On 14 June, Krueger, sent Sibert’s 6th Division to relieve the 158th RCT, and there followed about one month before combat was rejoined. In a period of 10 days. including three days of very severe fighting, the US formation took Lone Tree Hill. The final Japanese resistance in this area was not overcome until the beginning of September after the Japanese had lost another 3,870 men killed, including some trapped in caves, and the Americans 400 men killed and another 1,500 wounded and 15 missing in this vicious jungle fighting in the Trier mountains. With Lone Tree Hill in American possession, Maffin Bay became a major staging base for six subsequent battles at Biak ('Horlicks'), Noemfoor ('Cyclone'), Sansapor ('Globetrotter'), Leyte ('King II') and Luzon ('Mike').

Krueger sensibly decided to halt his offensive effort at this point, and Sarmi remained in Japanese hands until the end of the war.

On 31 May, two battalions of the 163rd Regimental Combat Team were pulled off Wakde island and rushed to Biak island, where the other elements of the 41st Division had landed four days earlier in 'Horlicks'. On 1 September the 123rd Regimental Combat Team of Major General Percy W. Clarkson’s 33rd Division relieved the last elements of the 41st Division and patrolled Wakde airfield and the Toem-Sarmi sector until 26 January 1945.

On 6 June 1944 the Japanese returned to Wakde, this time as the attackers.

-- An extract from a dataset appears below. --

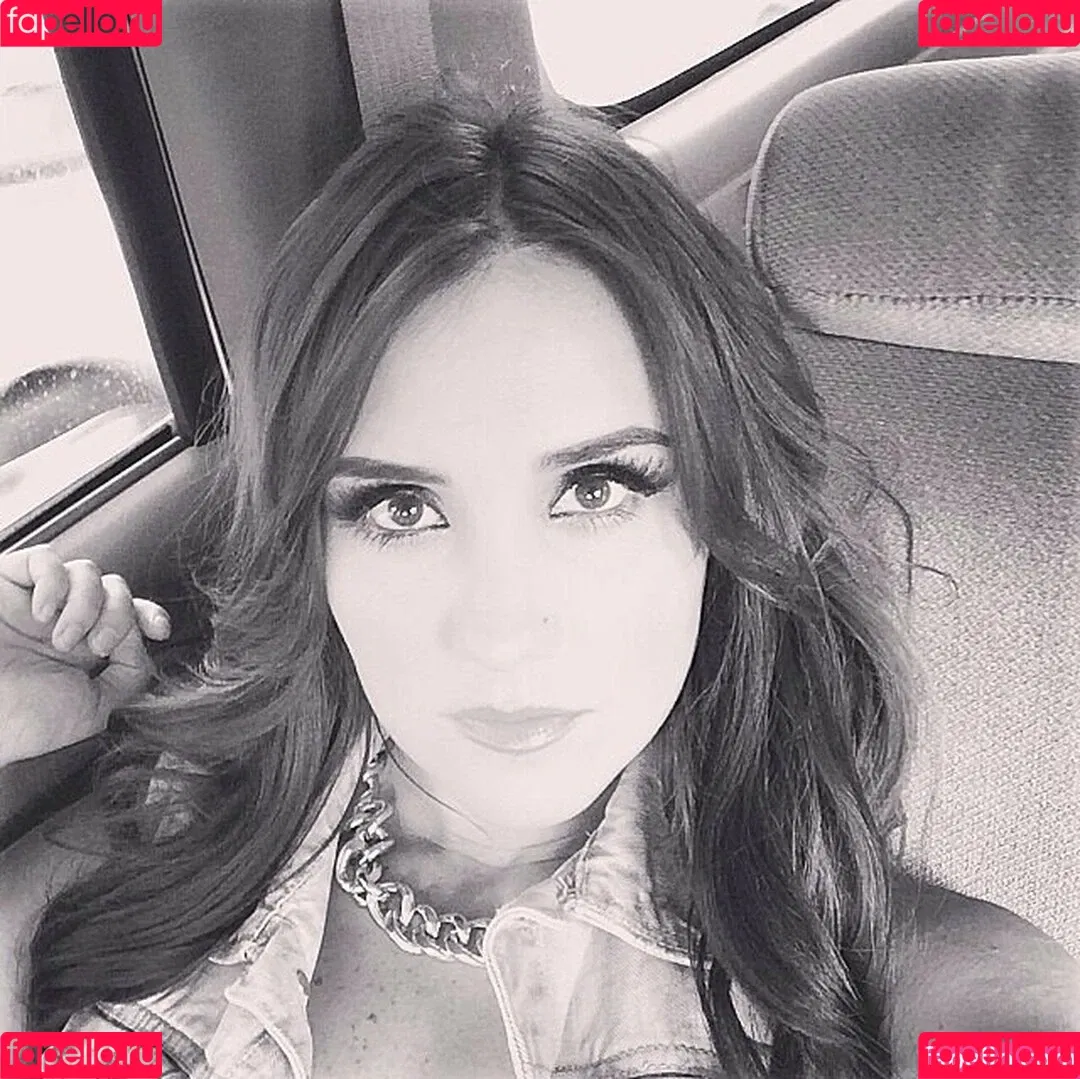 Dulce Maria Onlyfans Photo Gallery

Three Mitsubishi G4M 'Betty' bombers of the Japanese navy’s 732nd Kokutai took off from Wasile farther to the west on the night of 5/6 June, but only two of the aircraft attacked Wakde as the third had become separated during the adverse weather of that night. The two bombers which did succeed in finding Wakde located a break in the clouds which allowed them to sight the airfield and swoop down low on this target area. Each bomber took one side of the runway along which US aircraft were parked. Releasing their bombs in a string over the parked aircraft, the Japanese crews estimated they had destroyed dozens of US aircraft. Later reconnaissance photographs seemed to show 76 aircraft burned or damaged.

The fighting in 'Straightline' had been particularly severe, the Americans losing 646 dead and the Japanese some 3,899 dead, a ratio in favour of the Americans of 1/6, the lowest of the 'coast-hopping' campaign. It had by then been discovered that the area was unsuitable for heavy bombers (as was the Sentani airfield complex at Hollandia), so MacArthur moved boldly forward to Biak with the balance of the 41st Division even as part of that formation was still fighting its way forward to Sarmi.